PROMPT
From the entries below, print exactly the span beginning with the line holding "Cooker Goodness online" and ending with the line holding "Toefl Feedback Hour", endpoints included, and skip any pictures.

DATA IN THIS EXERCISE
--- START ---

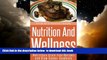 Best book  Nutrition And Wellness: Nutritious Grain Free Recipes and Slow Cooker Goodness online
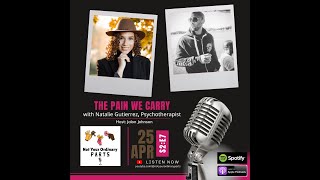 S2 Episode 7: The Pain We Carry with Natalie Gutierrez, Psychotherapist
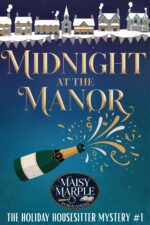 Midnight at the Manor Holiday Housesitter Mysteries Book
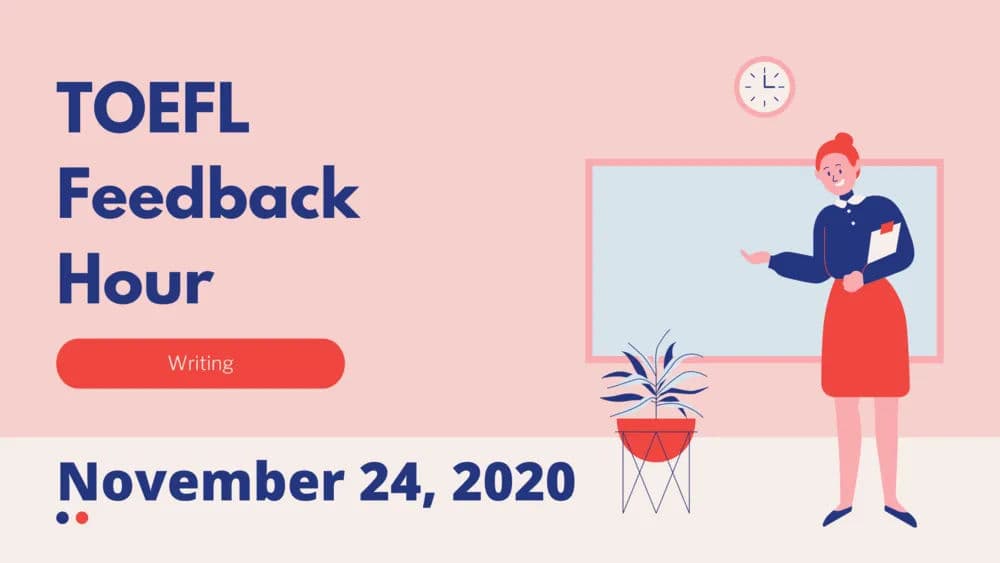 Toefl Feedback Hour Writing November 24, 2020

--- END ---
--- START ---

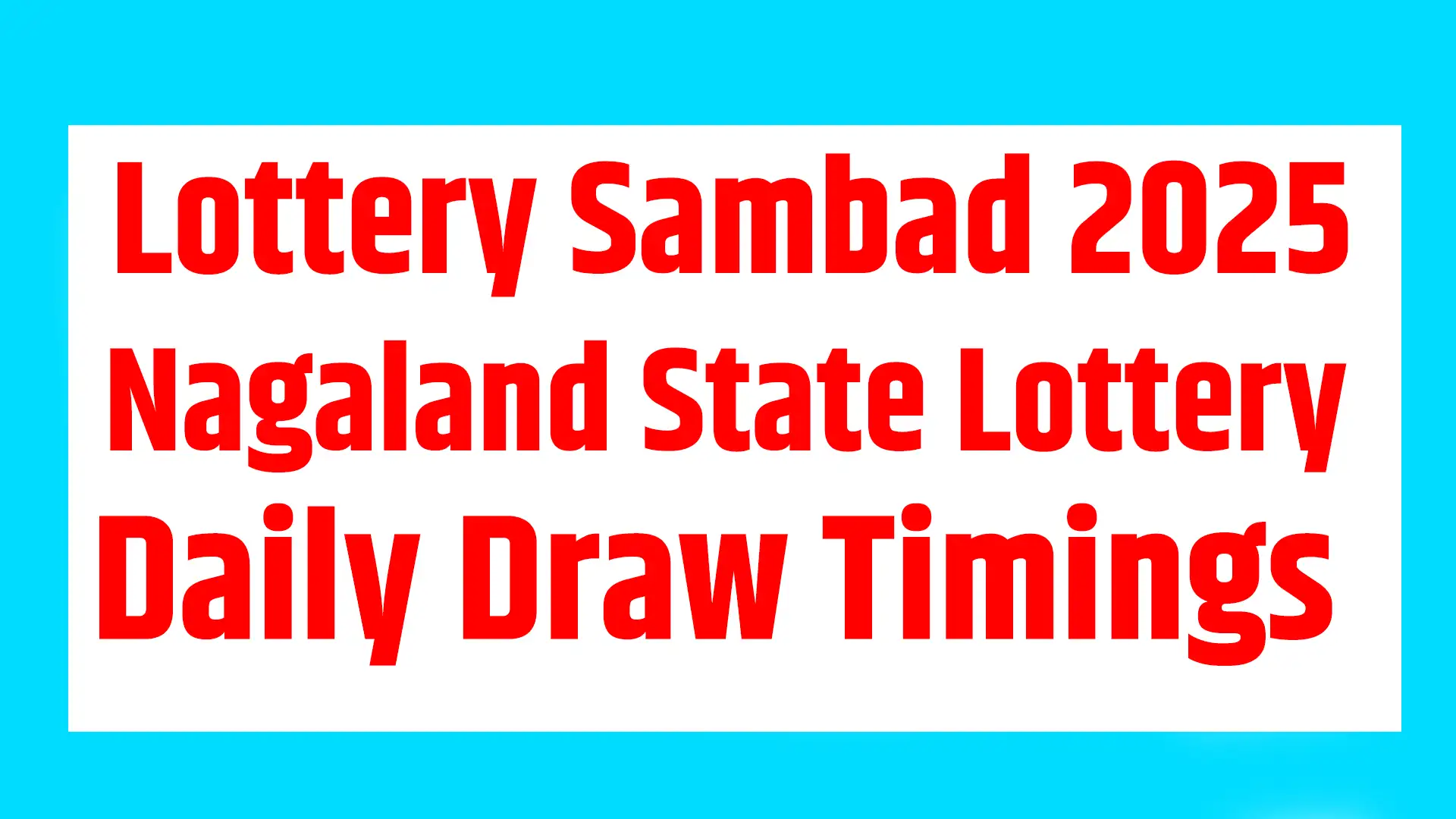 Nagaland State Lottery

--- END ---

WRITTEN RESPONSE
 Best book  Nutrition And Wellness: Nutritious Grain Free Recipes and Slow Cooker Goodness online
 S2 Episode 7: The Pain We Carry with Natalie Gutierrez, Psychotherapist
 Midnight at the Manor Holiday Housesitter Mysteries Book
 Toefl Feedback Hour Writing November 24, 2020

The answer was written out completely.